We are now into details. Details for the wedding, details of doctors’ appointments, details of gardening and details of how many when where and what. This wedding is very loosely organized and we have no idea how many people will come on what day. The only thing we know for sure is that the bride and her mother and sister have nice dresses and there are rings, there is a cake, a Senegalese band and Lebanese food. The rest feel rather improvised.

I got the silver shoes and other parts of my wedding attire, plus some more. I relish the summer dresses I can wear with arms and legs exposed in the hot late summer sun.

We are now into details such as fireworks and the bridal bouquet. Tessa and I went to get fireworks (of the innocent kind) in New Hampshire and I am going to check on the internet how to make a bridal bouquet. If you can learn from the internet how to make bombs and IEDs I bet you can also learn how to make a bouquet for a bride.

On our way to New Hampshire Tessa and I stopped in Newburyport (for the silver shoes) and lunch with Chuck and Anne in a lovely upmarket sandwich place.

We picked up the last of the summer plants, and the first of the fall plants to pretty up the empty spaces of our late summer yard, at Tendercrop Farms, a lovely ‘back-to-the-land’ kind of place that produces most of what it sells.
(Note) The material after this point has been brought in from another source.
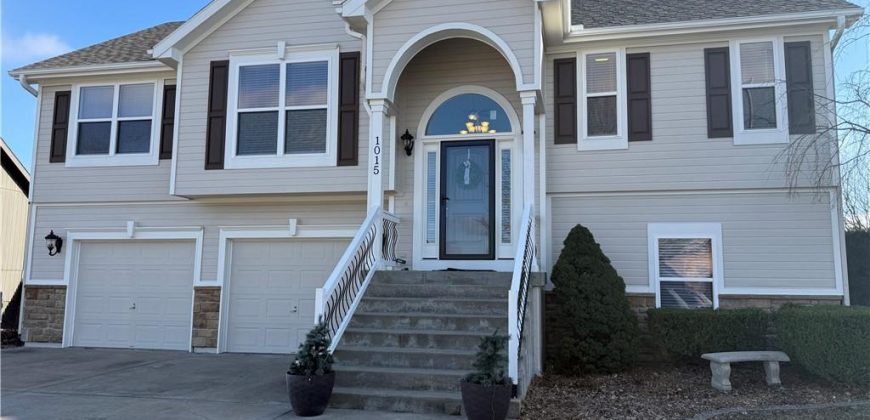 Homes for Sale in Kansas City, MO 64155 | 1015 NE 91 Terrace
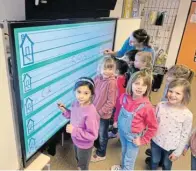  ?? Foto: Ivonne Michel ?? Statt einer Tafel gibt es in der 1b in der Grundschul­e am Homersen ein etwa vier Meter breites, eineinhalb Meter hohes interaktiv­es, digitales Board mit Touch-Display.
For Axel we bought large chunks of beef to be cooked rare – it is something missing in our Kabul diet. When Tessa suggested some nicely marinated chicken I surprised her by saying in a sharp voice, no, no chicken, we are sick of chicken. This needed some explanation: the chicken we eat in Kabul is cooked into dry shreds that stick between your teeth, after having been flown in, frozen, all the way from Brazil.

My sister, husband and their daughter were supposed to have arrived by plane from Brussels and by car from New York yesterday evening but because of late arrival in NYC, decided to spend the night in Connecticut. They are the only ones from the Dutch side of the family. I am very happy they were able to come. It’s a long trip for a wedding.

And while we are busy with the last small details for the wedding, daily emails arrive from ANSO (the organization that tracks ‘security events’ in Afghanistan for us, NGO workers). The run-up to the elections is in full swing now with kidnappings, illegal checkpoints, IEDs and other attacks on people who are trying to get themselves or others elected. They too are into details, but of a different nature, and some are paying with their lives.

I am in a different world now and these events are, quite literally, very far from my bed.